What happened? According to the EEOC’s complaint, both male and female employees were subjected to sexual harassment and retaliation in violation of Title VII of the Civil Rights Act of 1964. This included unwelcome comments of a sexual nature, employees exposing themselves, and employees being subject to unwanted physical touching of a sexual nature. The complaint alleged that when the harassed employees complained to their supervisors and human resources, the company failed to take the complaints seriously or engage in any remedial measures. The EEOC claimed that some of the employees left their jobs because of the anxiety, depression, and stress created. The company disputed all allegations in the complaint.

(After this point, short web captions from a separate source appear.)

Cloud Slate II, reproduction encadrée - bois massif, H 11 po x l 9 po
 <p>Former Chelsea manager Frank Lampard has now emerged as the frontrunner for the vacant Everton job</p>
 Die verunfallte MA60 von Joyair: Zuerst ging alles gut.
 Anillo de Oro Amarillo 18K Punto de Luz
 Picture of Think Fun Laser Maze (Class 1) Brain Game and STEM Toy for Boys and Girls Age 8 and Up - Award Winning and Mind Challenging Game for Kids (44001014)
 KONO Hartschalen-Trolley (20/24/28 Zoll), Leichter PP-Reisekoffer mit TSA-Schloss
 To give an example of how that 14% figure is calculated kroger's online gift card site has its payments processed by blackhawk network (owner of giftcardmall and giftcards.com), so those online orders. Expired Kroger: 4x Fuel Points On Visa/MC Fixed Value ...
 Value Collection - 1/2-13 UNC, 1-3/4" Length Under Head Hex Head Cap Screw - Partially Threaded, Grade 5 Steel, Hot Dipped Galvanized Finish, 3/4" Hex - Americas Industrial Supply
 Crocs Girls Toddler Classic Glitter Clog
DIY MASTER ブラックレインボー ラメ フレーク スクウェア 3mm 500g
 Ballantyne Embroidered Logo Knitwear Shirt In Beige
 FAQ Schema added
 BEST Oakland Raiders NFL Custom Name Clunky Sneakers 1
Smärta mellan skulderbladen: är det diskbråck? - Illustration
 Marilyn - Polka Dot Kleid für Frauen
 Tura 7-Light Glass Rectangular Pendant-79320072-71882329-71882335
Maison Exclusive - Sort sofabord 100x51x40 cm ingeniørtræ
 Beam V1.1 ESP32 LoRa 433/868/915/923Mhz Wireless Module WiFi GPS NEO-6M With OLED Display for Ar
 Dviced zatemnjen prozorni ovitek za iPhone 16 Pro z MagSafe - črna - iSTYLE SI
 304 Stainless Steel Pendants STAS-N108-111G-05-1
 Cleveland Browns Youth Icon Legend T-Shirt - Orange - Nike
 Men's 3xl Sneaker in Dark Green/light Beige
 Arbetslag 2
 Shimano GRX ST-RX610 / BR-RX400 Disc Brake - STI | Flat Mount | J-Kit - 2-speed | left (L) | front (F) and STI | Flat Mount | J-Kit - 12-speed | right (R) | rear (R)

Although no answer was filed by the company, the “equal opportunity” defense might have been raised. Title VII provides that it is an unlawful employment practice to discriminate “because of” an individual’s sex. See 42 U.S.C. § 2000e-2(a)(1). Courts have historically viewed sexual harassment as a form of sexual discrimination. See Meritor Sav. Bank, FSB v. Vinson, 477 U.S. 57, 64, (1986). Focusing on the “because of” requirement under Title VII, the “equal opportunity” defense posits that a perpetrator harassing both men and women escapes liability because the victim of the harasser cannot prove that the perpetrator discriminated because of that individual’s sex. The theory being that “[w]hen the conduct is equally harsh towards men and women, there is no hostile work environment based on sex.” Reine v. Honeywell Int'l Inc., 362 F. App'x 395, 397 (5th Cir. 2010) (emphasis added).
The settlement therefore avoided consideration of the “equal opportunity” defense. Nonetheless, the case is a reminder of the importance of having effective employee training, complaint procedures, and behavioral policies in place to streamline operations and ensure a harassment-free workplace. That way, employers can find ways to avoid claims that cost $3.5 million.